At a biological level, we receive bad news with a stress response. Thousands of years ago, bad news meant a big tiger was chasing us. And now, the content of our stress response has become more sophisticated, so we need to raise our responses’ quality.
Over a digital executive’s day, we referee opinions on a wide variety of issues. Debates focus on product roadmaps, data analysis, or interpretations of how UX responds to the customer’s voice.
Most of the time, you believe you have the correct answer based on your years of experience when you used to be in the trenches. But that fails to appreciate how others get work done today.
So how do we remove the bias of our old thinking?
Look Inside
Start by looking inside at your leadership style. How much investment are you personally associating with the decision? Checking our ego at the door and looking at a decision requires a scientific mindset of being open to all hypotheses and being open to a thorough investigation of each one.
It is a process that makes you vulnerable and yet liberating always to embrace new frontiers.
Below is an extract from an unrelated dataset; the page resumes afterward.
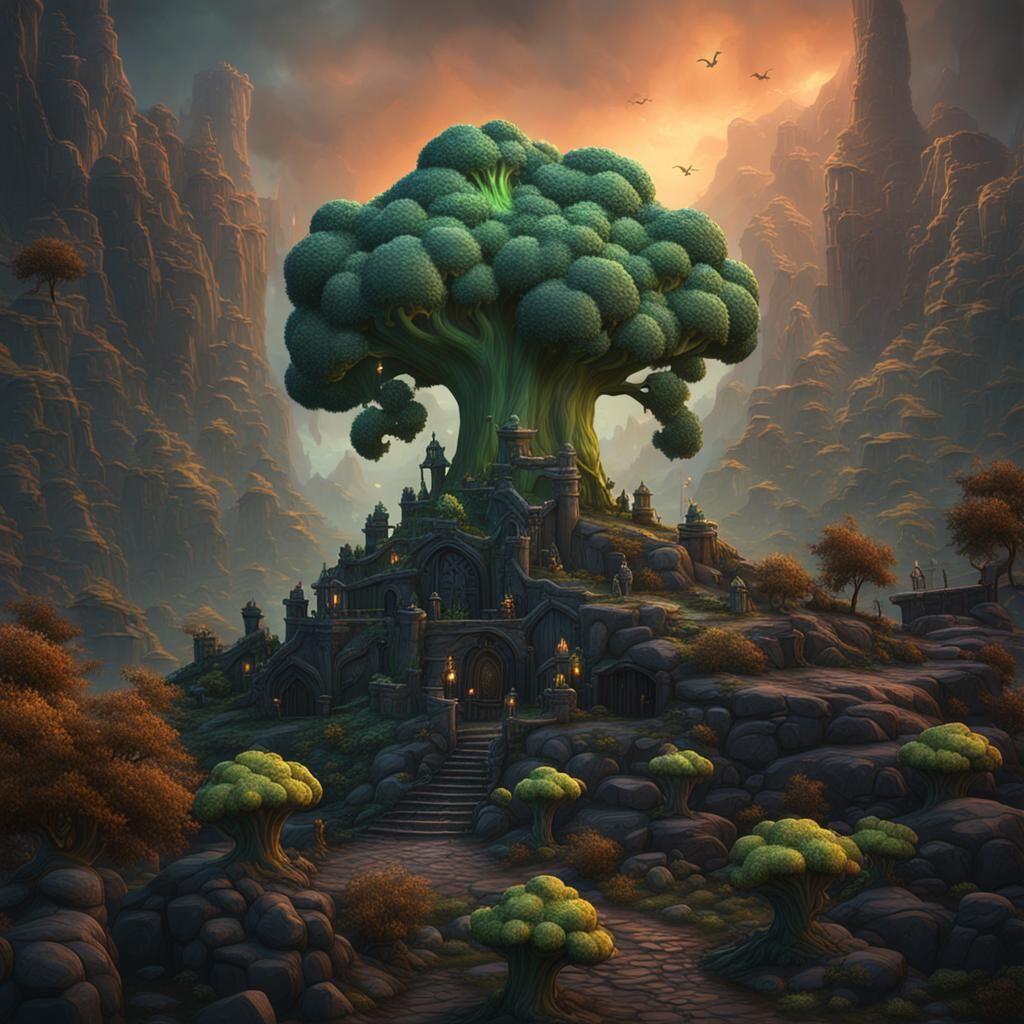 Fantastical Broccoli Witch Dryad Concept Art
To avoid falling in love with your ideas to the detriment of your team and company mission, always entertain multiple theories no matter how antithetical it may seem to your gut instinct. “What the hypothesis is saying…” is a much more effective way of making your point than “what I believe is…”
Simply put, it pulls your ego out of the discussion, sets a safe tone for all to debate the subject at hand, and allows the team to band together on a journey to learn and solve problems together.
And you’ll be surprised how much you’ll learn something new, too!